(Short text fragments from websites)

-=-=-

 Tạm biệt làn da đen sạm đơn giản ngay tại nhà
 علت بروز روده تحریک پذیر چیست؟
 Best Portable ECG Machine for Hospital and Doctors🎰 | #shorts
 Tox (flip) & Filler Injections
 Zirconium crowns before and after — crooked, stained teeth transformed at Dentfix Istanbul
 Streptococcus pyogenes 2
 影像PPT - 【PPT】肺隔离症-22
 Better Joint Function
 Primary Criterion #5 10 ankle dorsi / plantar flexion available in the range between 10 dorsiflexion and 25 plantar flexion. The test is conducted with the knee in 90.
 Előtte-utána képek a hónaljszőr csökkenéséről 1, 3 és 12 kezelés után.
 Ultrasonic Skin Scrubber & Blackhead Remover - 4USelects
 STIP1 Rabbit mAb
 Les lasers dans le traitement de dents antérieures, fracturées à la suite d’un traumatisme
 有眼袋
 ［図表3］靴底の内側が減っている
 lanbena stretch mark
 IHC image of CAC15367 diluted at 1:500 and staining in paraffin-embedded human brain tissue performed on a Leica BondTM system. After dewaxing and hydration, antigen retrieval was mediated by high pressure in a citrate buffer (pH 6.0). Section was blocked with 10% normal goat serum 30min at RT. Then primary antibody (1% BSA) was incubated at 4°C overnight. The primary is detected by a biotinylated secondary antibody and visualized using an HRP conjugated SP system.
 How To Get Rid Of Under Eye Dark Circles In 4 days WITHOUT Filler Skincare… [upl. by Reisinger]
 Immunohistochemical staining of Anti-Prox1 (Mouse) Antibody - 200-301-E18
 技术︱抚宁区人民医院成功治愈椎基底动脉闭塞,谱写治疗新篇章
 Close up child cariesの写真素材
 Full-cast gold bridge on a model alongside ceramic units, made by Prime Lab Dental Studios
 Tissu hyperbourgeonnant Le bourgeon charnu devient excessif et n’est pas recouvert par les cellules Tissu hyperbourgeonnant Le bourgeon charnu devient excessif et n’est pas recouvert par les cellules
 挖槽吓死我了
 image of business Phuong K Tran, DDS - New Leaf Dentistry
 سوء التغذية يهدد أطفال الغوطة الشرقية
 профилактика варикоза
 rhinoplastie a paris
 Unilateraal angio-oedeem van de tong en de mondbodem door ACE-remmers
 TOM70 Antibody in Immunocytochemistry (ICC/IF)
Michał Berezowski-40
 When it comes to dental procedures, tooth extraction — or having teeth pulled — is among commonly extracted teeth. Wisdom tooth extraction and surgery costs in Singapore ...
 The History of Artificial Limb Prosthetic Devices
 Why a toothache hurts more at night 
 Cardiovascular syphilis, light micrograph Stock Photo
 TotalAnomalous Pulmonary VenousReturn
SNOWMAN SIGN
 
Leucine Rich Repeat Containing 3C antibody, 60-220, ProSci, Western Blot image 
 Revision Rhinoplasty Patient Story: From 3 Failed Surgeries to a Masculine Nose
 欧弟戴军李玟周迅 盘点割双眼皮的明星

-=-=-

### Action item
Select every line above that contains the word "teeth", and copy it.

### Output of the exercise
 Zirconium crowns before and after — crooked, stained teeth transformed at Dentfix Istanbul
 When it comes to dental procedures, tooth extraction — or having teeth pulled — is among commonly extracted teeth. Wisdom tooth extraction and surgery costs in Singapore ...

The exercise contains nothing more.